Por Alan Caldas (Bagnole del Trigno - Itália)
Ontem, paramos em Bagnole del Trigno. Só moram 877 pessoas ali e cada um sabe tudo da vida alheia.
Tem uma pracinha e nessa pracinha vi senhores jogando carteado em enorme gritaria.
Me aproximei. A barulheira parou. Me apresentei:
– Buongiorno. Sono un giornalista brasiliano. (Bom dia, sou brasileiro e jornalista).
Todos sorriram e disseram:
– Benvenuto, giornalista brasiliano. (Bem-vindo jornalista brasileiro)
E a gritaria voltou. Fiquei observando a alegria e simpatia de cada um.
Olhei os que ao redor admiravam o jogo. Lembrei de lugares em nossa cidade onde aposentados vão para ver amigos, tomar aperitivo ou jogar carteado como esses adoráveis senhores aqui de Bagnole.
Já me sentindo “em casa”, sentei. E, no final da partida, que é rápida, perguntei:
– Che gioco è questo? (Que jogo é esse).
– Questa è la treccetta. (Se chama tressette, disseram).
Começou nova partida. Cartas distribuídas. Uns com mão boa sorriam. Os com mão podre reclamavam.
Tentei entender, olhando o vizinho. Mas as cartas desse jogo não têm números nem ás, valete, dama ou rei. São apenas figuras que nunca vi.
– Vuoi fare un gioco, brasiliano? (Quer jogar uma partida, me perguntaram alegremente).
Agradeci é claro. Mas pedi para filmar a partida seguinte. E eles responderam em grande vucciria (algazarra), dizendo:
– Fagli sapere che Pepe è vedovo e vuole risposarsi. (Claro, mas avise que o Pepe está viúvo e quer casar de novo).
Bgnole del Trigno é um lugarzinho lindo. Bem no alto. Ruas apertadíssimas, medievais. Rochas e paredões que permitem visões espetaculares do vale lá embaixo. Tem essa pracinha encantadora com flores, música, uma bica (nasone) para se beber água da terra e voltar. Tem um Memorial em homenagem às dezenas de jovens dali mortos na segunda Guerra.

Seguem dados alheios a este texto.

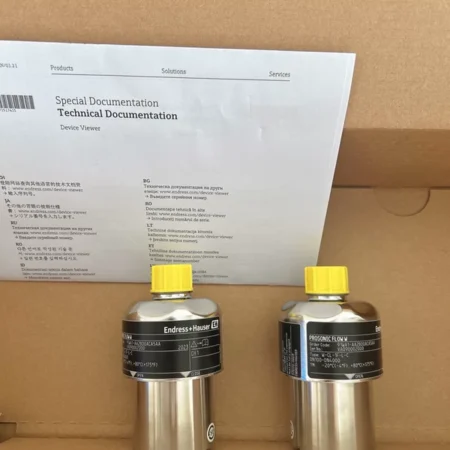 Industrial Liquid Flow Measurement Endress+Hauser 91WA1 Sensor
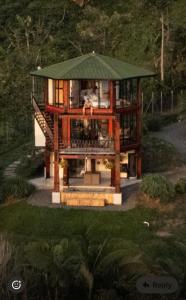 La mejor vista del eje cafetero en el Chalet La Gitana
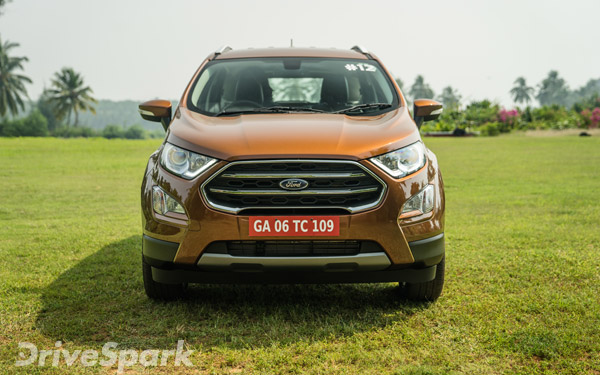 Ford EcoSport Facelift Bookings Starts On Amazon; But There’s A Catch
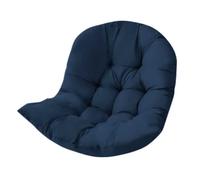 DZZTHSH Swing Chair Cushion For Garden Patio Rattan Swing Chair, Egg Shaped Hammock Chair Cushion For Outdoor/Indoor Furniture Decoration(Not Include The Wicker Chair, Only Cushion)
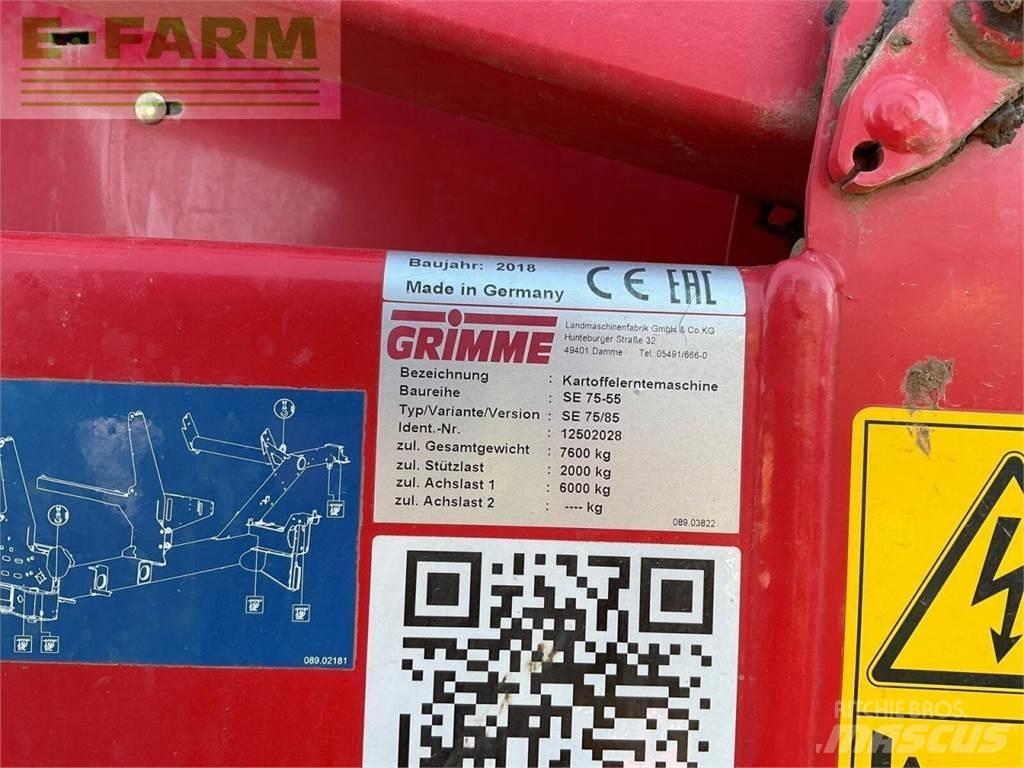 Grimme se 75-55 Skupljači i kopači krumpira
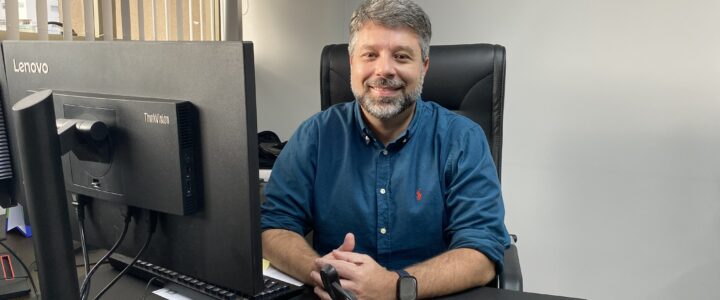 Neomar Antônio Pezzin Junior assume a Secretaria de Estado de Recuperação do Rio Doce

Tem mercados, lojinhas, cafeterias e bar. Mas o que Bagnole e qualquer cidade no mundo tem, realmente, de muito atraente, é a cultura popular.
E, para conhecer isso, para saber e “ver” a alma do povo, é preciso interagir com ele. Falar com ele. Sentar com ele. Ouvir ele. Se envolver com ele.
Aí você pode dizer que “viajou”!
Me despedi dos “bagnolenses”:
– Ciao, amicos.
– Ciao giornalista brasiliane, arrivederci (responderam sorrindo).
Arriverdeci, respondi, sorrindo também.
E, já me afastando, ouvia a gritaria deles, falando sobre o fato que certamente narrarão em casa para as esposas (menos o Pepe, que é viúvo) assim como estou narrando para vocês.